The North Channel is a hundred-mile stretch of Lake Huron; it runs from St. Mary’s River in the west to Georgian Bay in the east and is separated from the main body of the lake by Manitoulin Island. The up-to-20-mile-wide channel is dotted with islands, and the rugged coastline provides a plethora of inlets. Anchoring is easy in the relatively shallow water. The islands are geologically diverse, some pink granite and others limestone with sandy beaches. The movements of the retreating glaciers that formed the Great Lakes thousands of years ago can be seen in the long striations in the rock, where boulders were dragged by the mile-thick sheets of ice, and in the erratics, rocks of foreign materials deposited by the glaciers.

The sailing season is a mere two months in these northern latitudes, and the North Channel’s rugged beauty and remote and diverse anchorages draw sailors back every year. But it’s not just the surroundings that make the TSA cruise grow (there were 52 registered boats this year, compared to 30 last year); camaraderie is a large part of the draw. Morning and evening radio nets provide a sense of security for less-experienced sailors, and shared local knowledge makes entering new anchorages less stressful. New sailors can learn about handling their boats and profit from seeing the many modifications that can be made to them to make trailersailing more comfortable. Some true newbies learn after gentle reminders from the group that road maps are not the same as nautical charts and that every captain must be responsible for his or her own boat.
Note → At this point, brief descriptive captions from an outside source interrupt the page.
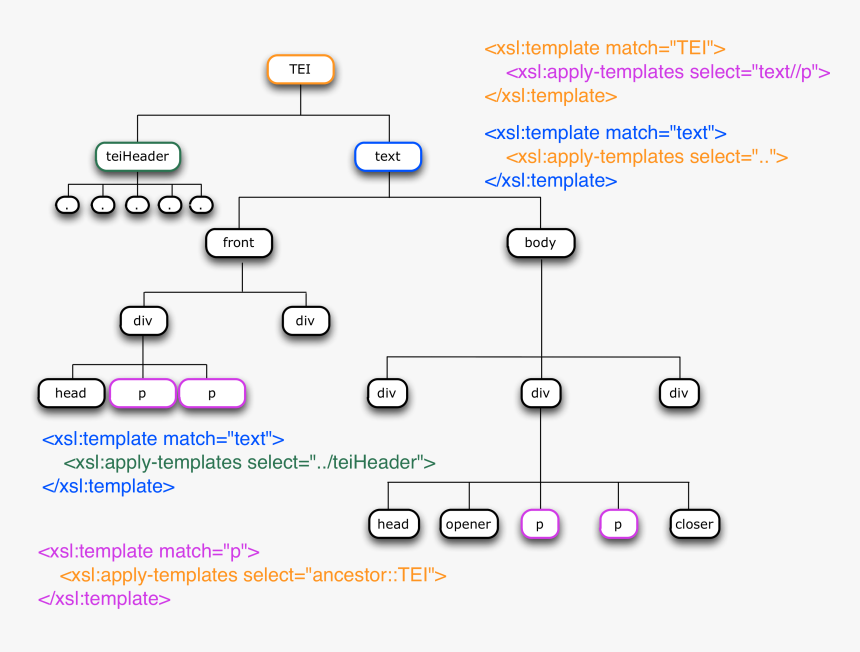 Child Descendant Parent Ancestor, HD Png Download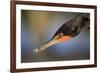 Double-crested Cormorant (Phalacrocorax auritus) adult, Wakodahatchee Wetlands-Jurgen & Christine Sohns-Framed Photographic Print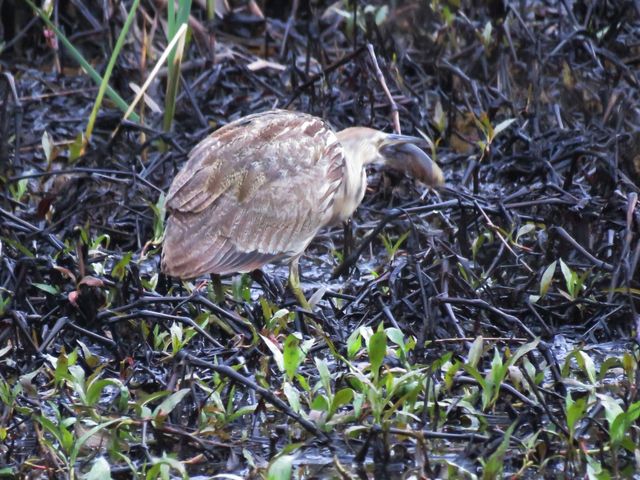 American Bittern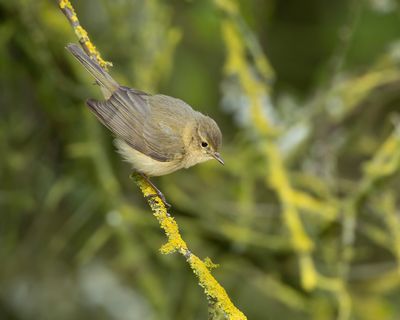 TJIFTJAF - Phylloscopus collybita - COMMON CHIFFCHAFF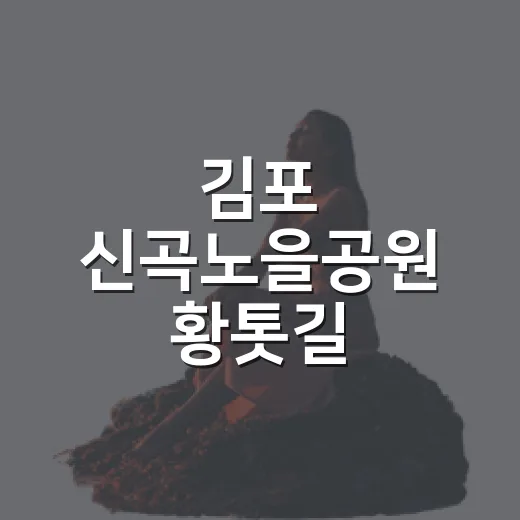 김포 신곡노을공원 황톳길 맨발걷기 명소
IN JUST A WEEK I BARELY SCRATCHED the surface of the North Channel’s many attractions. I hiked up the cliff at Covered Portage to admire the magnificent view of the anchorage, explored the Benjamins’ booming rock and “fairy” grove, picked blueberries, swam, and enjoyed the legendary fish and chips in Killarney. We sailed through spectacular channels, picked our way through rockstrewn entries to secluded anchorages, and took the long way around islands to avoid turning on the engine. At night we sang around campfires.

Ultimately it wasn’t the marshmallows or the sunsets or even the inviting coves that made my week memorable, but my many hosts. I arrived on SeaQuell, the first of seven trailerable (read: small) boats I would sleep on throughout the week, with some misgivings. It is one thing to sail on a small boat with complete strangers, but the compact accommodations create an immediate and increased level of intimacy that can make for uncomfortable sleepovers. Rod and Ondine Brandon helped quell my fears. Their easy conversation, open manners, and well appointed boat set me at ease. The Brandons could be poster children for the trailersailing lifestyle, from the nautical throw pillows on their settees to their well-rehearsed division of labor for all onboard tasks and their dream of the ultimate trailersailing adventure. There was never a lull in the conversation as we feasted on steak, crab, and asparagus in the cockpit. They had planned for everything, and a simple curtain they hung next to the head allowed me to change my clothes discretely and have some privacy in the V-berth where I slept.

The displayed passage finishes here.